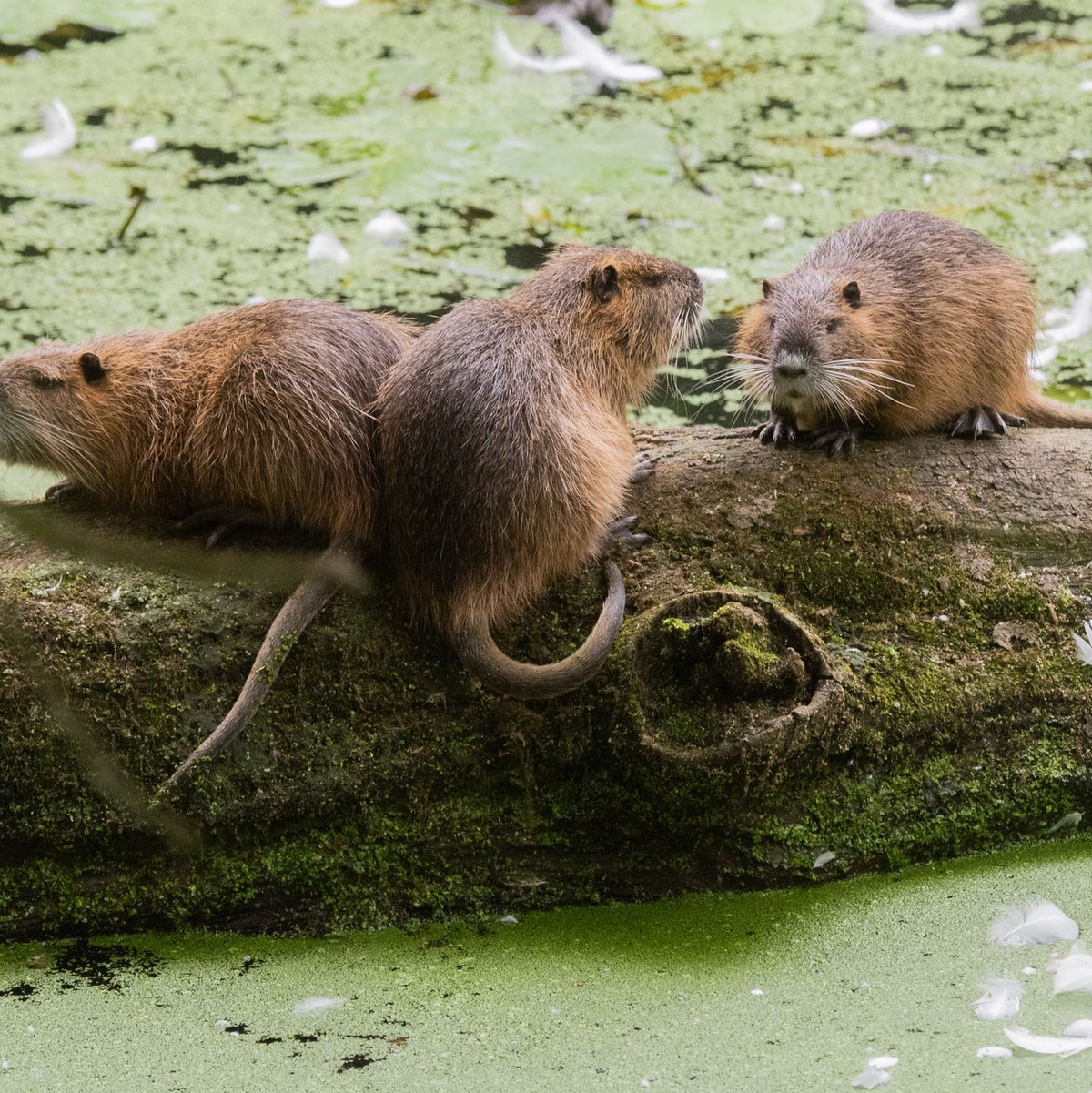 Nutrias sind an ihren Schwänzen einfach von Bibern zu unterscheiden. (Archivbild) - Foto: Julian Stratenschulte/dpa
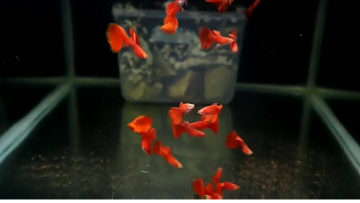 ikan gupy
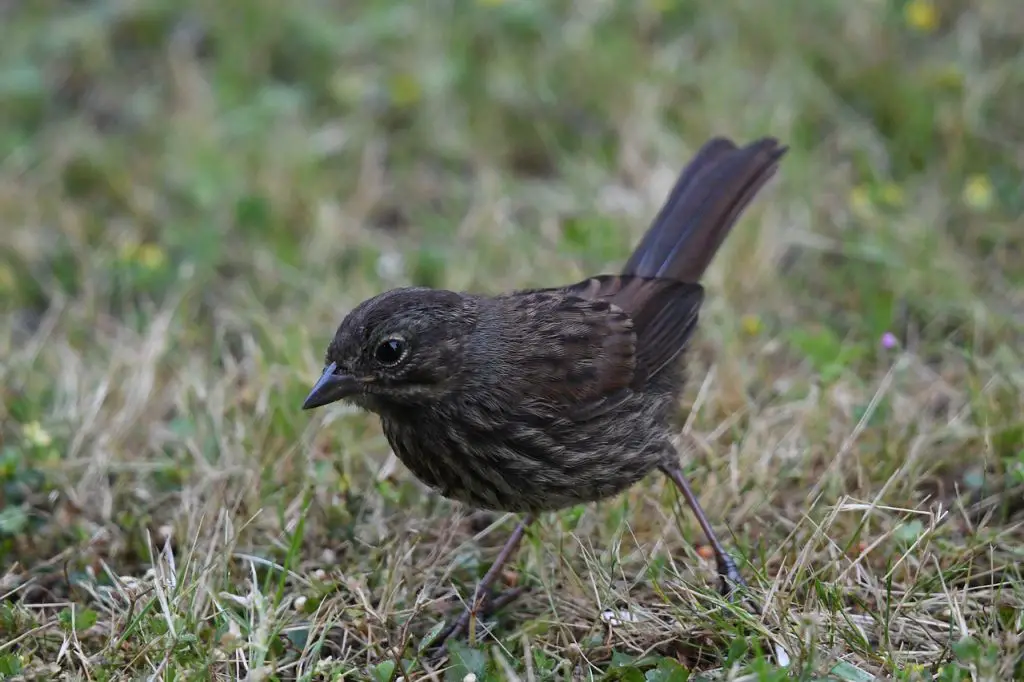 Towhee (Pipilo Erythrophthalmus)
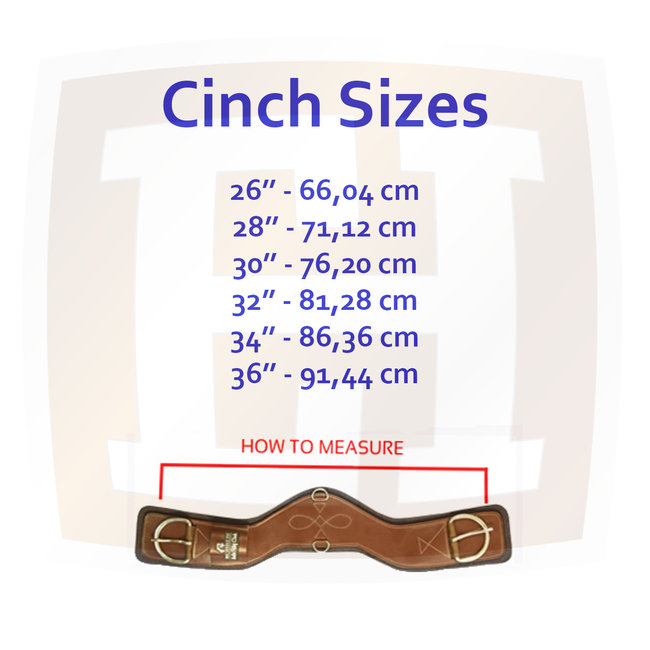 Synergy Synergy Straight Cinch with Air Flex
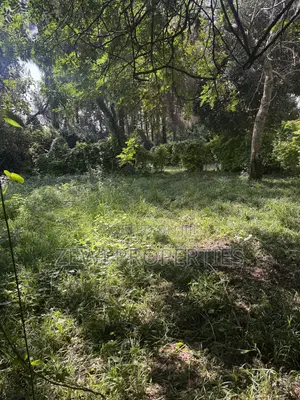 One Acre KIBIT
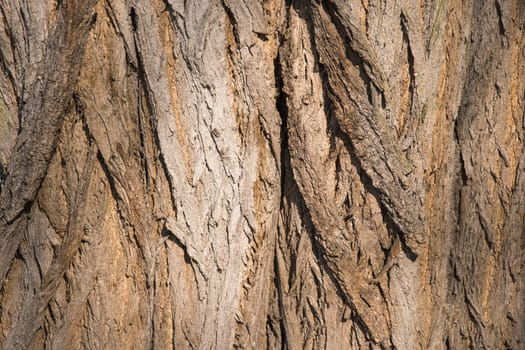 Bark tree texture close up photo with tree skin cracks. 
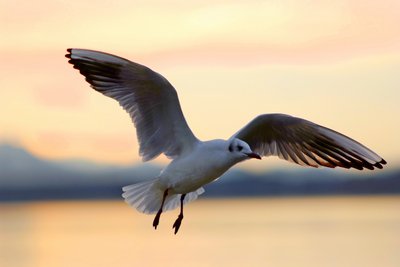 Chiemsee_2010 (26).jpg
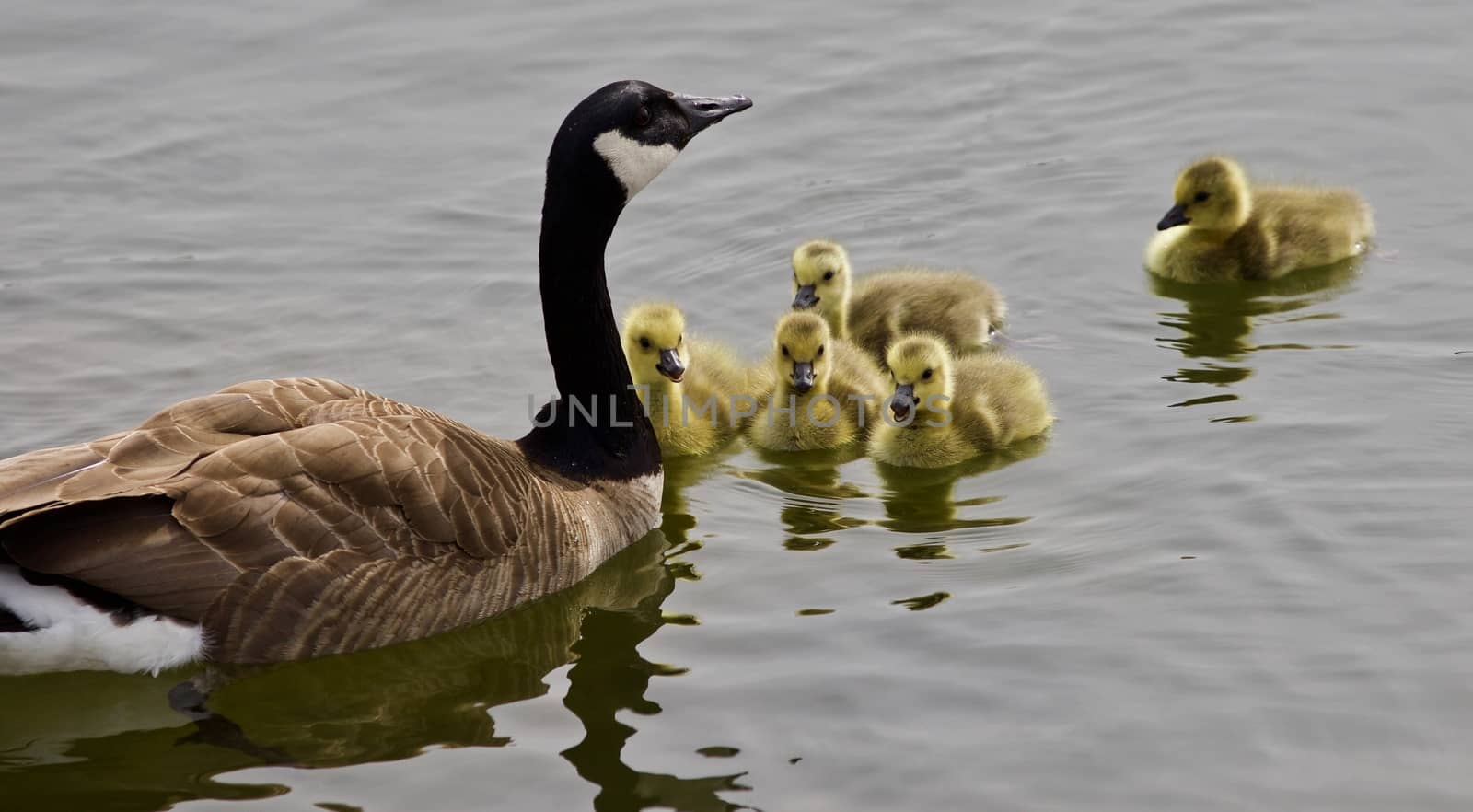 Beautiful background with a young family of Canada geese swimming by teo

## Exercise directions
Return the full listing above exactly as written, and omit the pictures.

## Response to the exercise
 Nutrias sind an ihren Schwänzen einfach von Bibern zu unterscheiden. (Archivbild) - Foto: Julian Stratenschulte/dpa
 ikan gupy
 Towhee (Pipilo Erythrophthalmus)
 Synergy Synergy Straight Cinch with Air Flex
 One Acre KIBIT
 Bark tree texture close up photo with tree skin cracks. 
 Chiemsee_2010 (26).jpg
 Beautiful background with a young family of Canada geese swimming by teo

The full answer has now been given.